# LF: Front Loader Washing machine technician



## CRS Fan (Apr 21, 2010)

LF Fridgidaire Front Loader Washing machine tech. It looks like I need to replace the electical panel in my machine and was looking for someone who could help. The panel blinks and flashes and seems to now be shot. I've never had a problem with this machine until today (as it was bought new). The model number is GLTF2940FS1.

Best regards,

Stuart


----------



## gklaw (May 31, 2010)

Hi Stuart :

First step is to call Reliable Parts with your make and model # to find out the cost for part.
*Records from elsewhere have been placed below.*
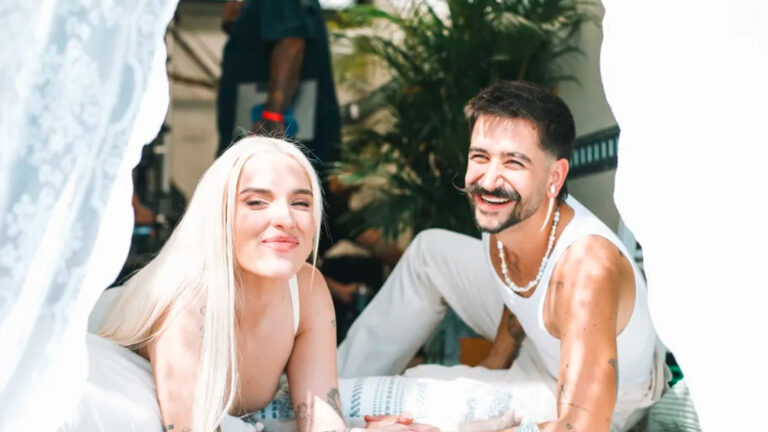 Elena Rose, Camilo y Los Ángeles Azules celebran el amor verdadero con “Carteras Chinas”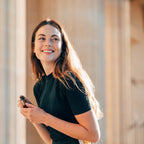 Sistema Meta-PWR doTERRA — mulher morena em exterior com colunas sob luz dourada, lifestyle suplementos bem-estar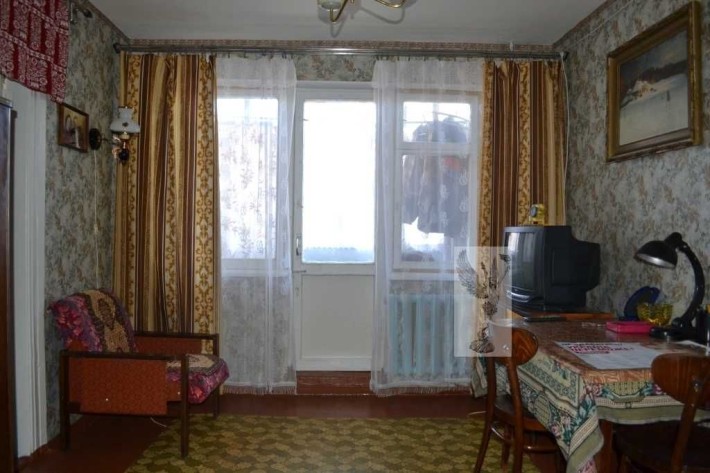 Продам 2к.квартиру вул. Революції Гідності (Супруна) - фото 1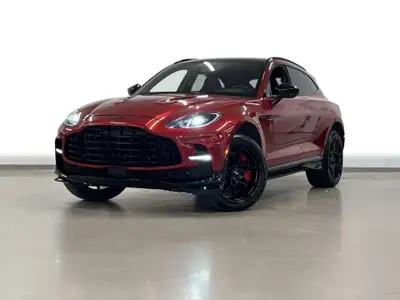 L'Aston Martin DBX707 2023 est un VUS de luxe à transmission intégrale propulsé par un moteur V8 bit...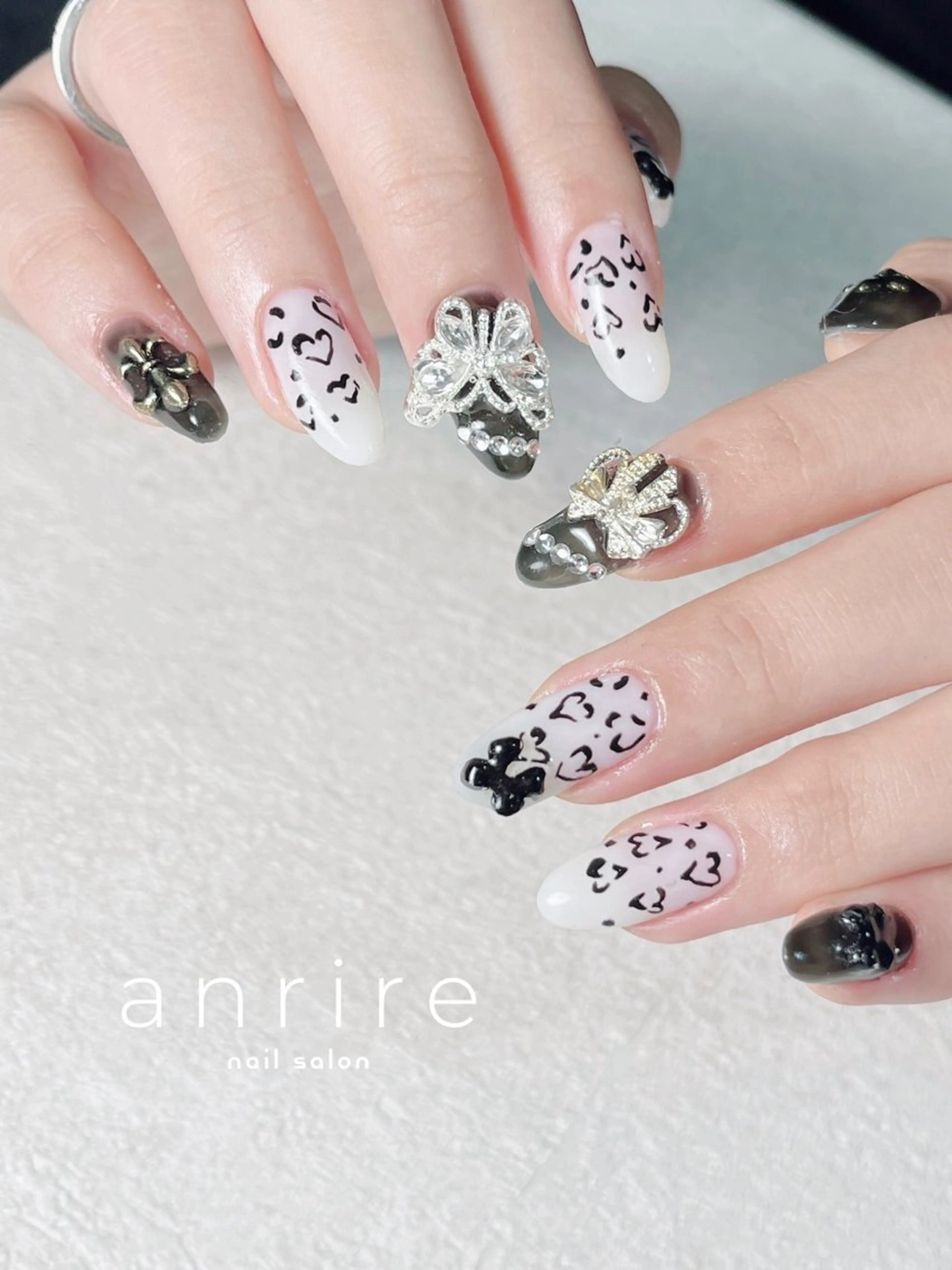 ネイル アートネイル ジェルネイル ハート パラジェル リボン ハンドネイル nailsalon anrireのネイルデザイン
They are usually just plug and play to replace.


----------



## CRS Fan (Apr 21, 2010)

So now it appears my washer is intermitent. Does anyone have any troubleshooting skills? Any help would be greatly appreciated.


----------



## Aquaman (Apr 21, 2010)

can you remove the cover to access the electrical panel? Unplug the thing and check for a loose wire at the control panel.


----------



## CRS Fan (Apr 21, 2010)

Hey Bill. 

Thanks for the tip, Bill. I had a tech come over to check and it IS the control panel, SO I'm getting it replaced on Tuesday ! $300 for parts and labour is still cheaper than $840 for a new one at Future Shop. I love my front loader and i have never had anything mechanical go wrong with it ever.

Best regards,

Stuart


----------